Help files

WinAutomation Deployment

Both the WinAutomation Server and MachineAgent services are set by default to run under the LocalSystem account. This special account has full access to the local computer. As stated in this Microsoft article:

" One advantage of running under the LocalSystem account is that the service has complete unrestricted access to local resources. This is also the disadvantage of LocalSystem because a LocalSystem service can do things that would bring down the entire system. In particular, a service running as LocalSystem on a domain controller (DC) has unrestricted access to Active Directory Domain Services. This means that bugs in the service, or security attacks on the service, can damage the system or, if the service is on a DC, damage the entire enterprise network. "

Considering the possible security risks we strongly recommend for all users to adopt best practices on assigning the most secure logon account for the WinAutomation services, as described in this Microsoft article.

The WinAutomation MachineAgent needs to run under the LocalSystem account for the unattended automation: schedules and triggers that can fire even when the user is logged off (in which case WinAutomation needs to perform an automatic login). This is not required, however, for the WinAutomation Server.

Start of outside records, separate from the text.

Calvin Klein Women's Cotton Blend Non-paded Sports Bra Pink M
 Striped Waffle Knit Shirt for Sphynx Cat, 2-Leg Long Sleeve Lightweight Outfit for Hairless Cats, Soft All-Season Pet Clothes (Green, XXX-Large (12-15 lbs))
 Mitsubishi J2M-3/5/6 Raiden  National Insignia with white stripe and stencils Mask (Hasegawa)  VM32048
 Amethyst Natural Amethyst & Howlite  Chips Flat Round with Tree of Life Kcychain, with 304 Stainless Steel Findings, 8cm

In order to be able to apply the appropriate logon account, the administrator of the system must have some insight on how the WinAutomation Server works.

The WinAutomation Server is responsible for managing all data in the system, both server-related and user-related. This data is stored in the following locations:

<C>:\ProgramData\Softomotive\WinAutomation

<C>:\Users\<Username>\AppData\Local\Softomotive\WinAutomation

<C>:\Users\<Username>\Documents\WinAutomation

where <C> is the default drive, and <Username> is the name of the user.

The WinAutomation Server needs full access to the above folders.

The best choice for a logon account would be a local user that has the required access to the above folders. If WinAutomation is installed for a single user, then this user could act as the logon account, provided that full access permissions are assigned for folder <C>:\ProgramData\Softomotive\WinAutomation. If WinAutomation is installed for multiple users in the same machine, then a higher-privileged user (but not a System Administrator) should be selected by the administrator of the system with access to the above folders for all users of WinAutomation.